» DATA EXCERPT:
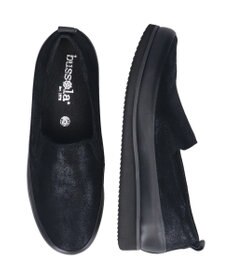 INTER-CHAUSSURES ＜衝撃軽減・防カビ抗菌＞【BUSSOLA】撥水レザースリッポンスニーカー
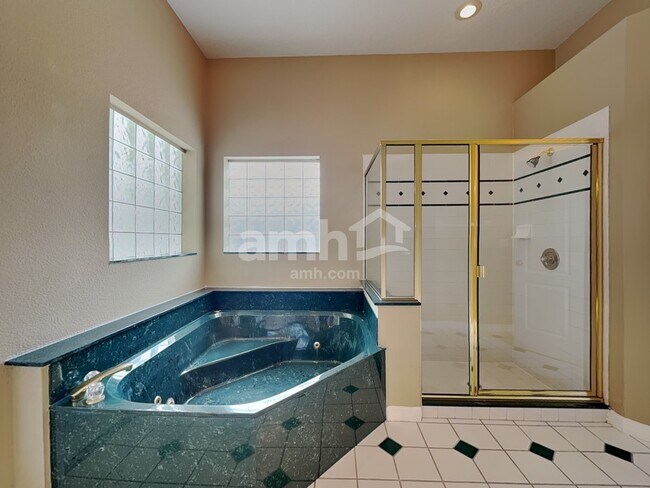 Building Photo - 1591 Crawford Dr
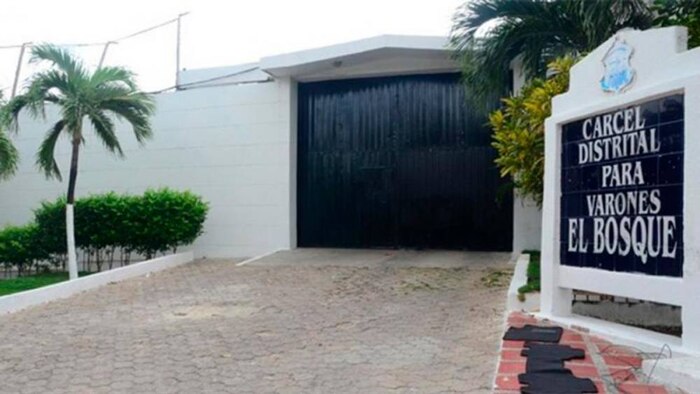 Ataque con granada en la cárcel Distrital El Bosque de Barranquilla genera pánico y deja dos guardias heridos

» EXERCISE INSTRUCTIONS: Set down the material above exactly. Skip any picture.

» SOLUTION TO THE PROBLEM:
 INTER-CHAUSSURES ＜衝撃軽減・防カビ抗菌＞【BUSSOLA】撥水レザースリッポンスニーカー
 Building Photo - 1591 Crawford Dr
 Ataque con granada en la cárcel Distrital El Bosque de Barranquilla genera pánico y deja dos guardias heridos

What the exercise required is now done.